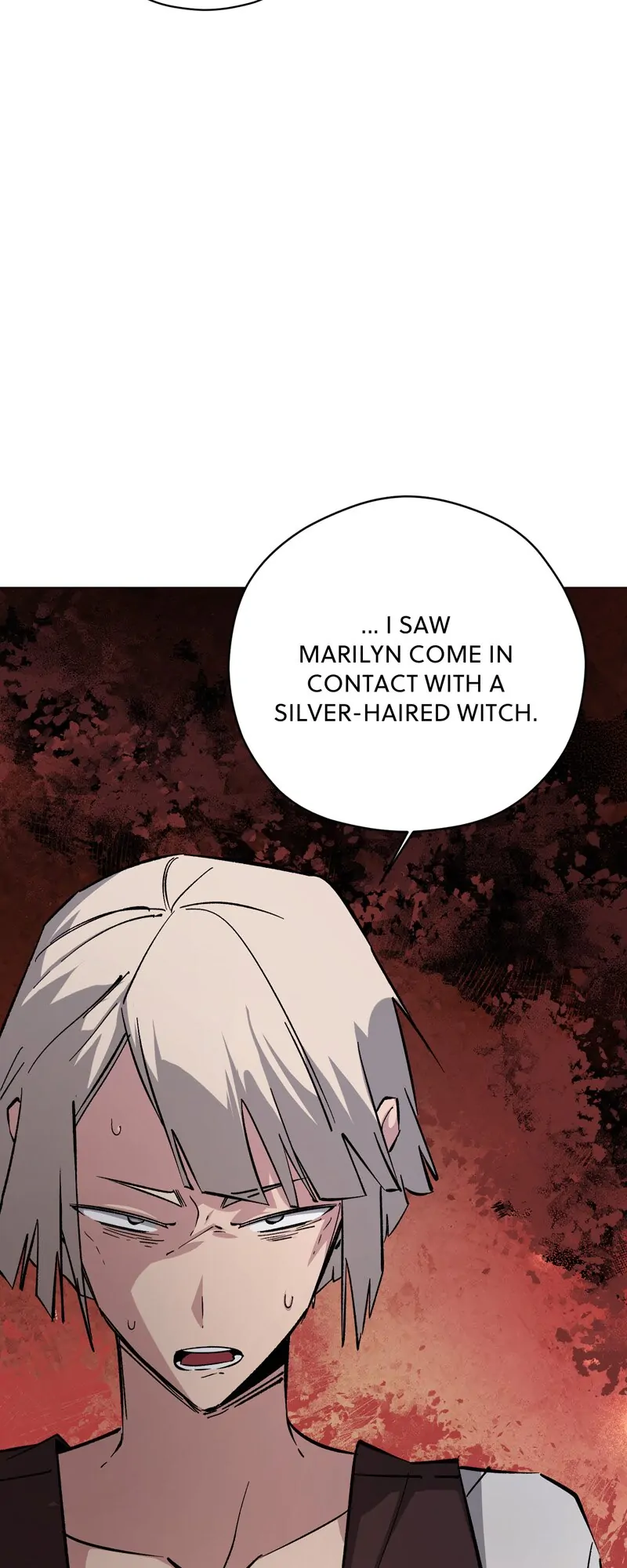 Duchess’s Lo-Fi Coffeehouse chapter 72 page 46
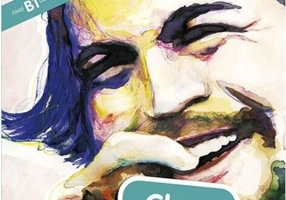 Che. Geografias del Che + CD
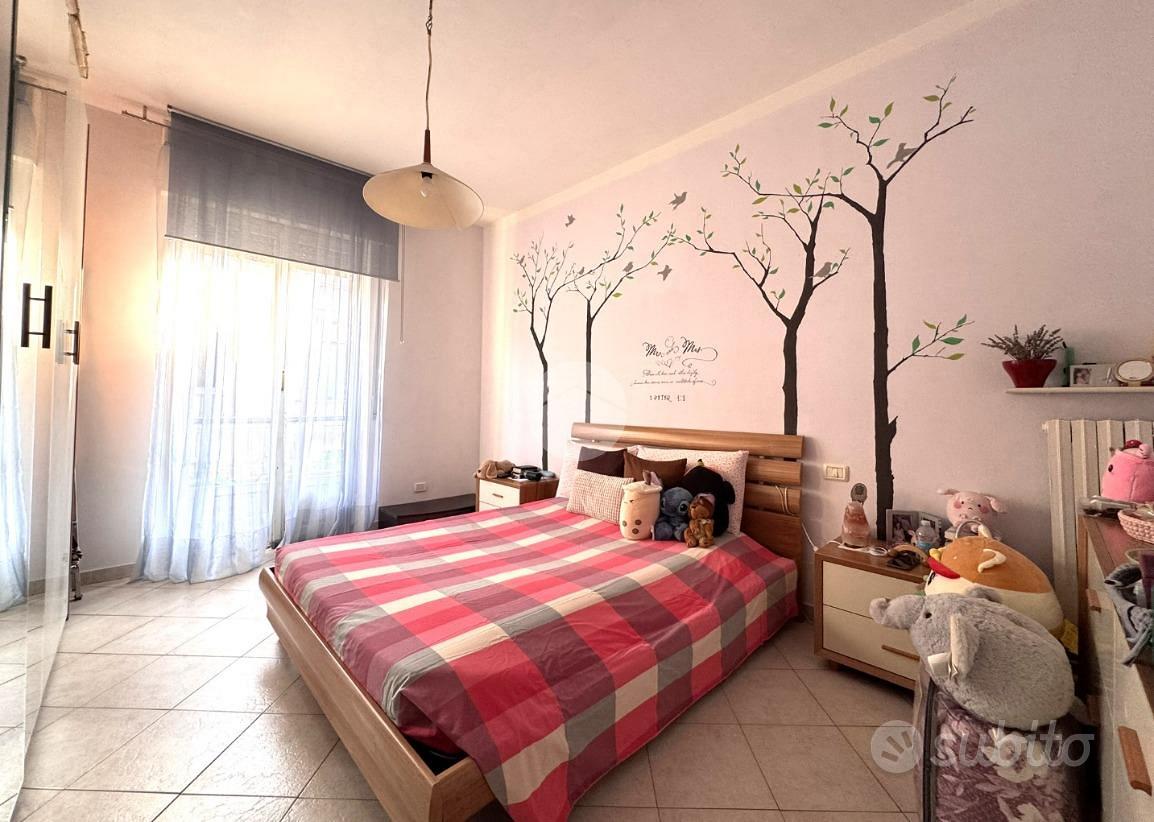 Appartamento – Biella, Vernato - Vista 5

...

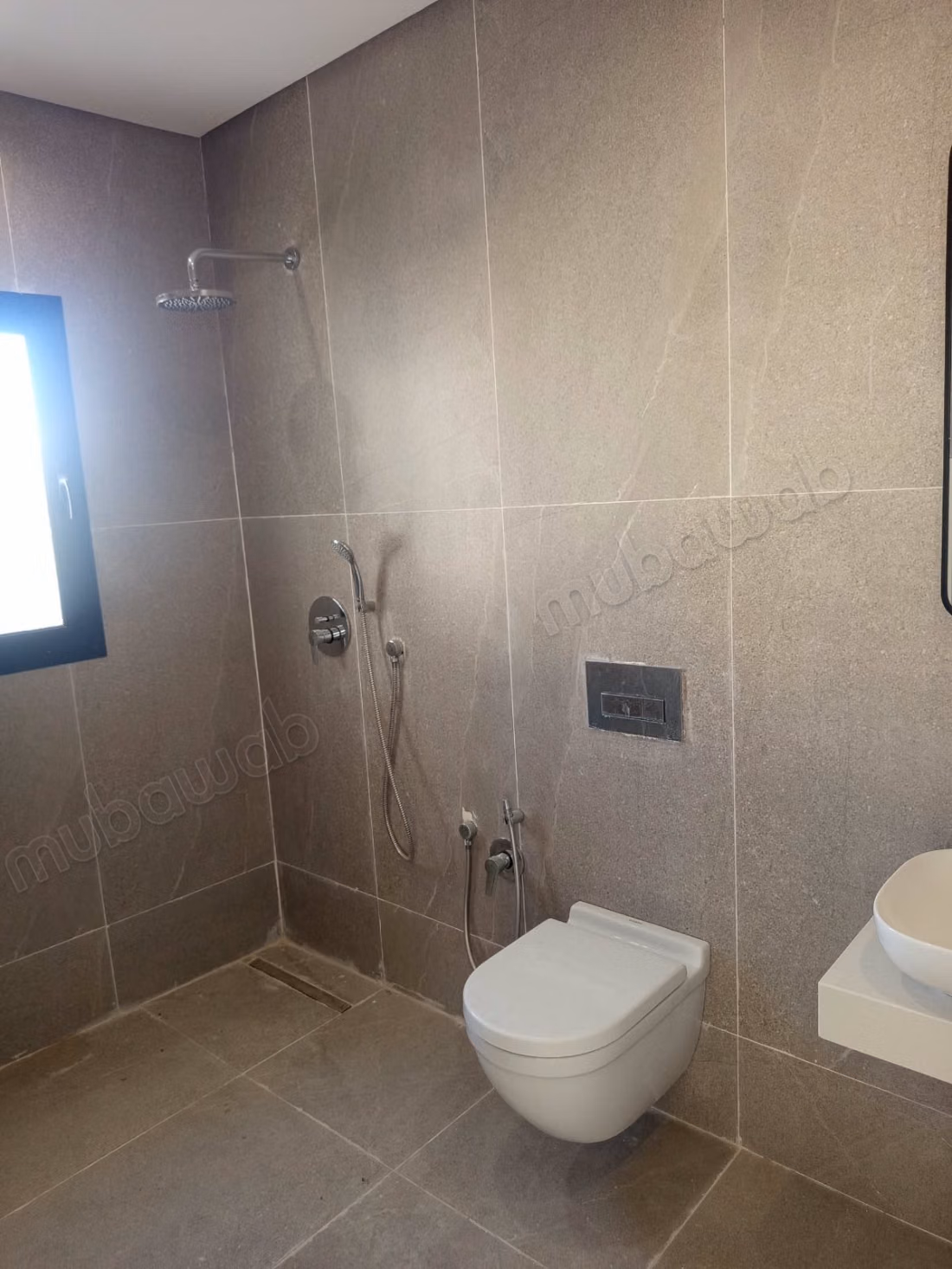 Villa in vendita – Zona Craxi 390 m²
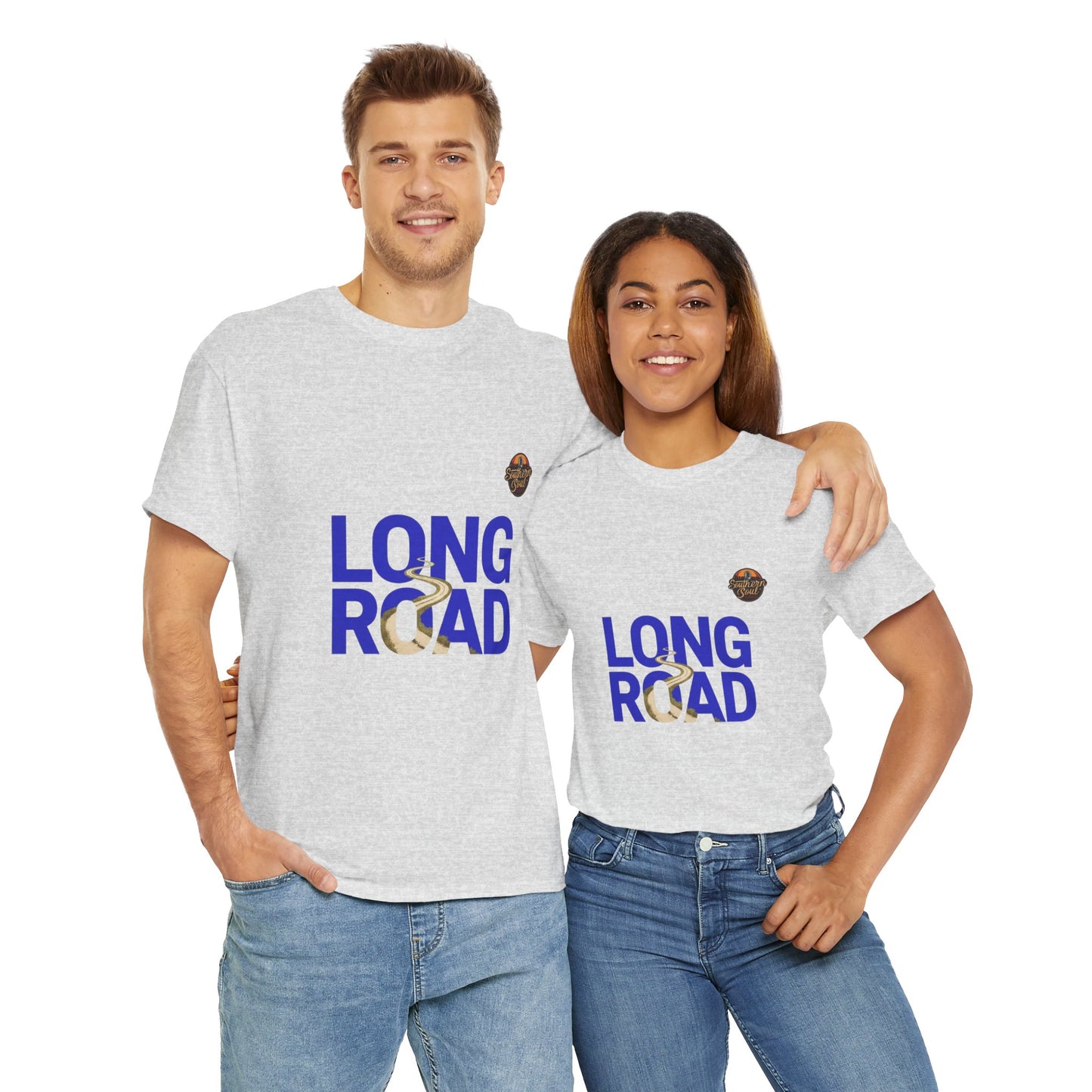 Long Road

--

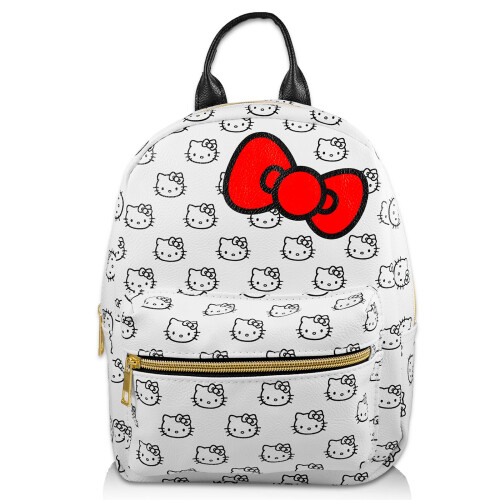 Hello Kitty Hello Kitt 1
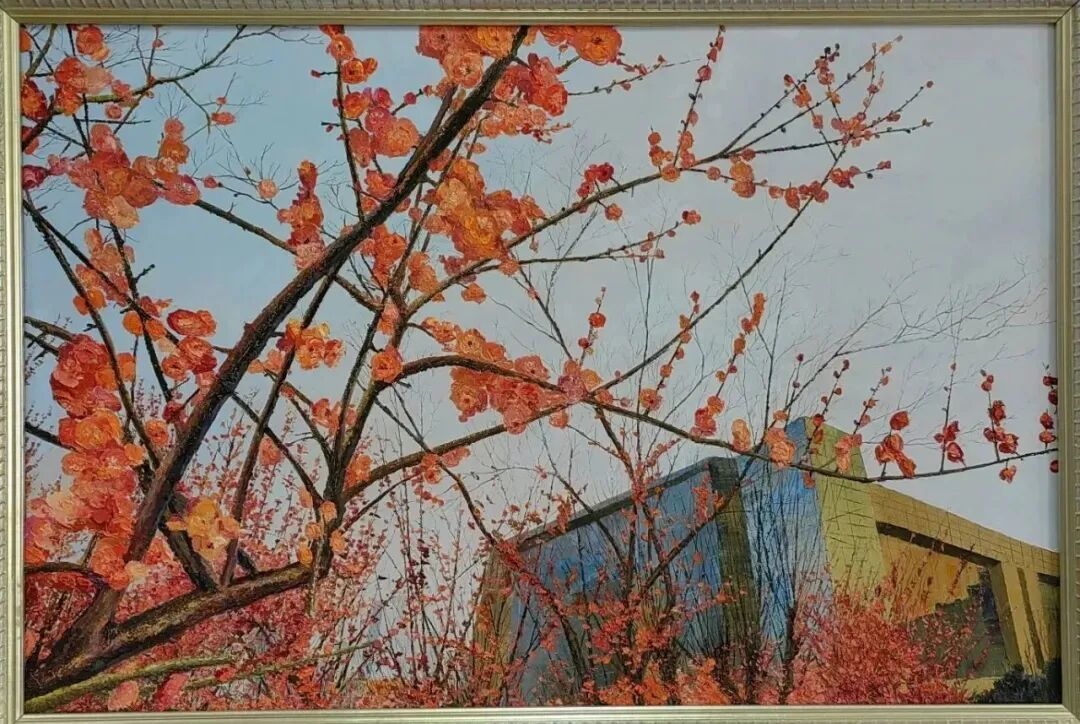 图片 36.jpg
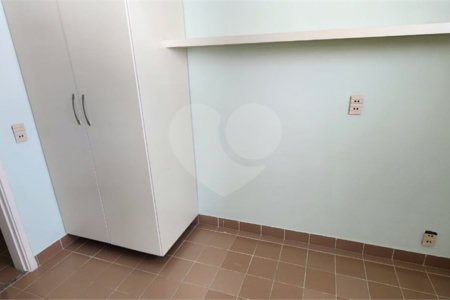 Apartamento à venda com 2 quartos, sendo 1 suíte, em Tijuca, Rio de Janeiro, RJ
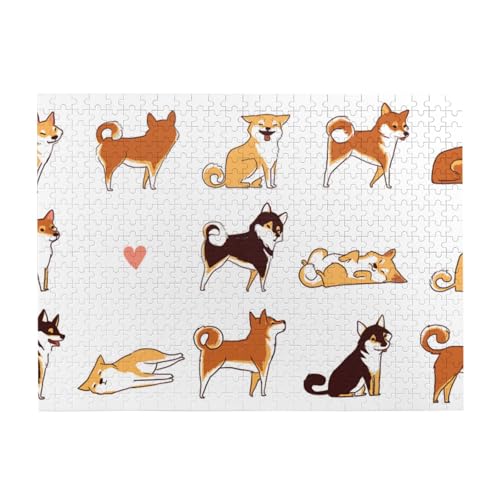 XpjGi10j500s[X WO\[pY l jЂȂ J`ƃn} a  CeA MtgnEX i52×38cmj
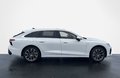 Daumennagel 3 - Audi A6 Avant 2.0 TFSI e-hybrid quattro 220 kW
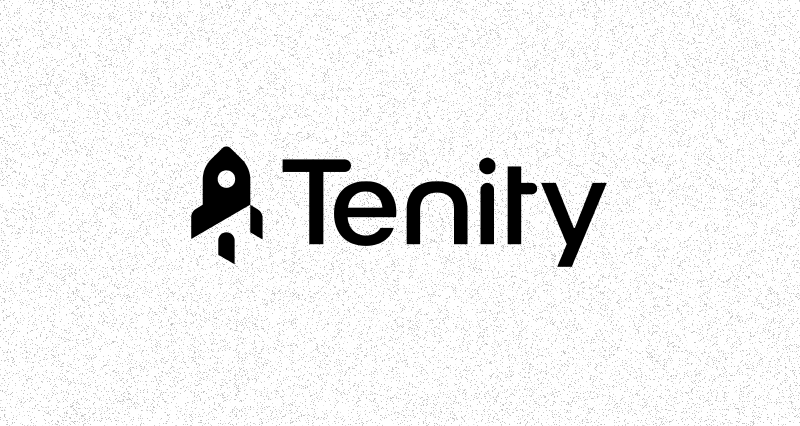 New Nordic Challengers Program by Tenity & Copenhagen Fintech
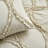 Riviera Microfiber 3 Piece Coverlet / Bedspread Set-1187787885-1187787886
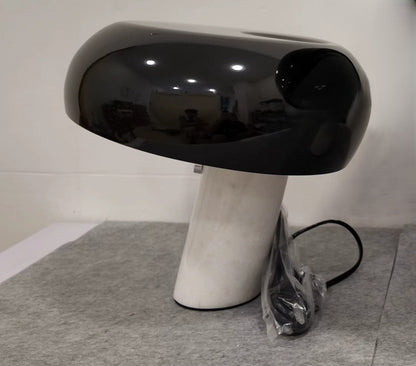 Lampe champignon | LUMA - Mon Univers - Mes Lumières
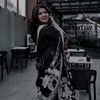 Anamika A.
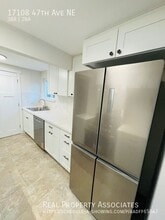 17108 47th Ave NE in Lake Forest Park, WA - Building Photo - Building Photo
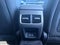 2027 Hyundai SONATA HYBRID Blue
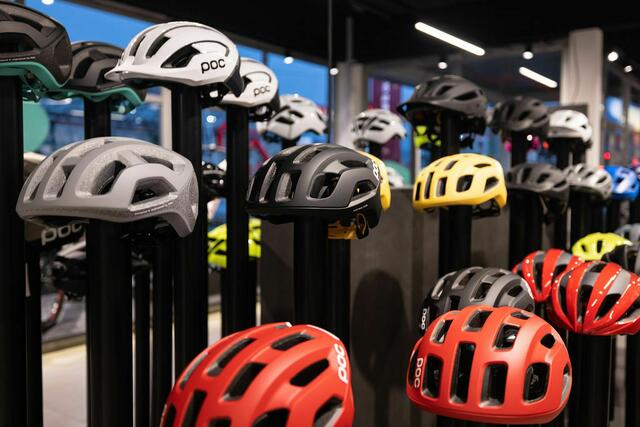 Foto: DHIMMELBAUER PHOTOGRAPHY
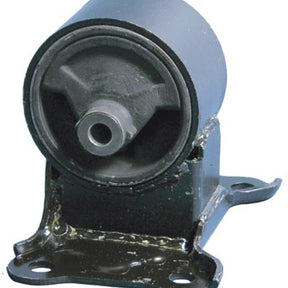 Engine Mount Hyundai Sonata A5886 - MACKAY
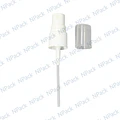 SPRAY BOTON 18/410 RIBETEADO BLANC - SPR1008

(Exercise prompt) Using the material above, transcribe exactly the lines from the one holding "Engine Mount Hyundai Sonata A5886 - MACKAY" to the one holding "SPRAY BOTON 18/410 RIBETEADO BLANC - SPR1008", both ends kept. Do not carry over any pictures.

(Result below)
 Engine Mount Hyundai Sonata A5886 - MACKAY
 SPRAY BOTON 18/410 RIBETEADO BLANC - SPR1008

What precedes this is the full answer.